Basta comunque un po’ di lucidità, per porsi qualche domanda. Non è infatti normale e di routine che un poliziotto punti una pistola contro un’automobile e, infatti, c’era un motivo dietro alla perquisizione del calciatore francese del Milan.
Il 3 luglio, infatti, a Milano c’è stato un conflitto, con colpi d’arma da fuoco tra stranieri e le autorità cercavano un suv scuro con a bordo due uomini, uno dei due di colore con una maglietta verde.
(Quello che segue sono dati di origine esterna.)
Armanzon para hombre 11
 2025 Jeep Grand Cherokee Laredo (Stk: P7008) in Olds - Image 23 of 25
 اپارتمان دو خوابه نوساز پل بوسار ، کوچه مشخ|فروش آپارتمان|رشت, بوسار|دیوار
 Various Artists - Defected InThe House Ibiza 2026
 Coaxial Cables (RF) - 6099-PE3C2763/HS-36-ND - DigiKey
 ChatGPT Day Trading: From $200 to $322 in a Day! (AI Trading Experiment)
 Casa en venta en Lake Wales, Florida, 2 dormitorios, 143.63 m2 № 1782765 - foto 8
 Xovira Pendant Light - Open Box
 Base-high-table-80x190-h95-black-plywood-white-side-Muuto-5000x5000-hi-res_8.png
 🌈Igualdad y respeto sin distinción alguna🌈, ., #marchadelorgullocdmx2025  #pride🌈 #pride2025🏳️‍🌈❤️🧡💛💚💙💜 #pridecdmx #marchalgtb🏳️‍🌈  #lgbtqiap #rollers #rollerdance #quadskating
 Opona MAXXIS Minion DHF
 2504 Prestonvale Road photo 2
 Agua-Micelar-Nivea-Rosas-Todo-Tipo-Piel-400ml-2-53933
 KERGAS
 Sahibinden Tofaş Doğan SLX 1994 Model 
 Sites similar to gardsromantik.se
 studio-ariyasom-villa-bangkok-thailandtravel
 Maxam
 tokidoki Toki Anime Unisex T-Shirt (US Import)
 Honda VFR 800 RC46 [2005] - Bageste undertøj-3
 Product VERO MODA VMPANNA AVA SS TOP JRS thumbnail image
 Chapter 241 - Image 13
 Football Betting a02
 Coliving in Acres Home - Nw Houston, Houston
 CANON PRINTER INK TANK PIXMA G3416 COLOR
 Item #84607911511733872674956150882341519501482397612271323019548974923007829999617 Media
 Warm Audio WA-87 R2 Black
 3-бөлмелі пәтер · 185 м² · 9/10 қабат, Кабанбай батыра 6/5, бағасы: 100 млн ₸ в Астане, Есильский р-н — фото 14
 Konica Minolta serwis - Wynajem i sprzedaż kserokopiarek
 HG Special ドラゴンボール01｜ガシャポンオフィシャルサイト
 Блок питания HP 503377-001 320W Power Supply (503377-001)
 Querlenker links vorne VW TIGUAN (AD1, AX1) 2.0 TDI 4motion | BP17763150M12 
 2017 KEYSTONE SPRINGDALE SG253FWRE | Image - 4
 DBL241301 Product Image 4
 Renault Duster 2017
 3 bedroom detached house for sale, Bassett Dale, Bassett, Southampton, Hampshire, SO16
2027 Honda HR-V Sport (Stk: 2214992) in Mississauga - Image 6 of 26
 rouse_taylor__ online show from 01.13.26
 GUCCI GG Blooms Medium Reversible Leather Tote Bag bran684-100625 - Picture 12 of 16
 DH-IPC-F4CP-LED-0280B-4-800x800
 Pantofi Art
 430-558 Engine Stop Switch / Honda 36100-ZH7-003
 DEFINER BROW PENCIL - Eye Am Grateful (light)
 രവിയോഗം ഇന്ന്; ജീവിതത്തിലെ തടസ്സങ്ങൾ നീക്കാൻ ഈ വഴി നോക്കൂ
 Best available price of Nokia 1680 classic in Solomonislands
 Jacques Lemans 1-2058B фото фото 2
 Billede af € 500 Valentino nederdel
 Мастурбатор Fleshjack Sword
Bakayoko, non riconosciuto dalle autorità, dunque rispecchiava la descrizione.
Nessun caso di razzismo, dunque: “sono commenti fuori luogo, il controllo è scattato perché Bakayoko e l’altro passeggero corrispondevano perfettamente, per un caso, alle descrizioni, e ovviamente è terminato quando ci si è resi conto di aver fermato una persona che non c’entrava”, ha fatto sapere la Questura di Milano.